Undocumented immigrants are allowed do volunteer work in some instances. A school district in North Carolina recently opened up their hiring of volunteers, on a limited basis, and allowed volunteers that are undocumented to use their passports for identification. This way they could still apply as a volunteer without having a social security number. Background checks can still be run without a social security number so this makes it easier for organizations like schools and churches to use undocumented immigrants as volunteers in a limited capacity. If they are going to be working directly with children without teachers present, then more thorough background checks are usually requested.

As long as the undocumented volunteer is not paid in food, free room and board, or other goods and services, they are okay to volunteer. If no employer-employee relationship can be shown, then the volunteer is just that, a volunteer. Offering payment through goods and services to an undocumented immigrant for volunteer work would create an employer-employee relationship and the employer in this case would be in violation of laws against harboring undocumented immigrants.

Unintentional Hire

What should you do if you unintentionally hire an undocumented worker? You will need to collect any evidence you have that the person is undocumented and create a file with all your evidence. Include the name the employee is working under and the length of time that they have been working for you. Write a letter to U.S. Citizenship and Immigration Services giving them the information that you have collected that shows that the worker is undocumented. Be prepared to show that your organization has followed proper hiring procedures and has hired the worker unknowingly because they will need proof that it was done unwittingly.
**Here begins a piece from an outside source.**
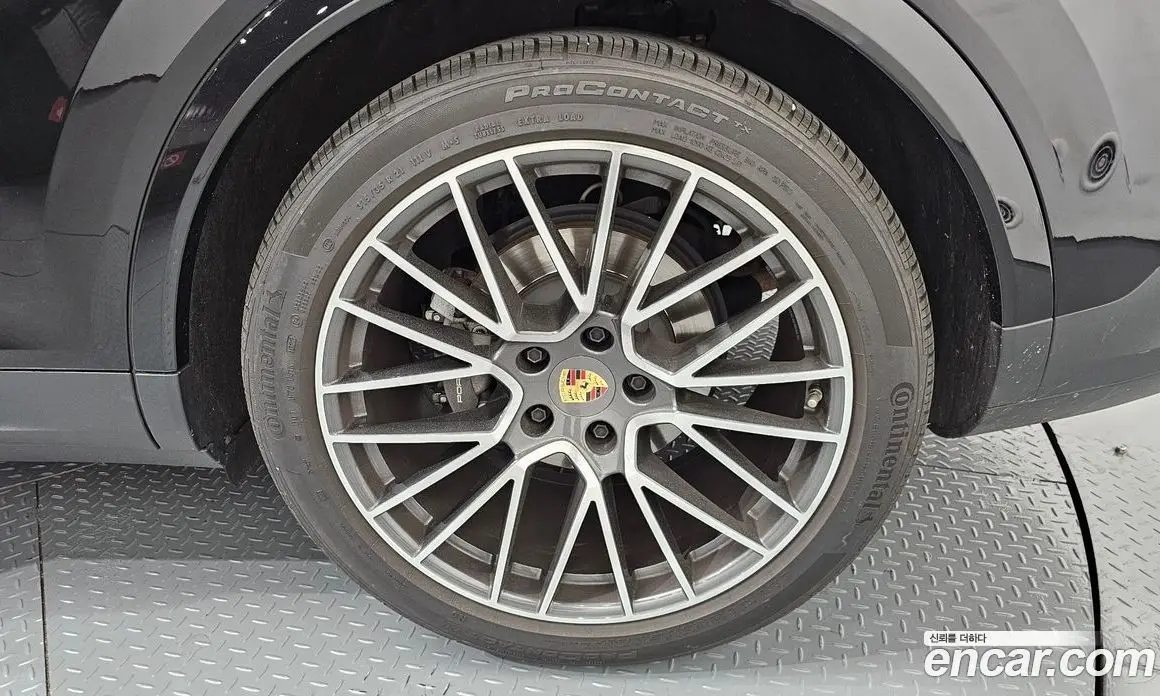 Porsche Cayenne 2023 3.0 автомат (гидро), фото 6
If you can show that you followed proper verification procedures then you won’t be charged with a verification violation.

Hiring undocumented workers intentionally can result in fines from $375 up to $1600 per worker. If you have been caught hiring undocumented workers before, you could be fined up to $3000 per worker and face jail time.

In all instances, know the unique rules of your state and consult legal advice from your general counsel when appropriate.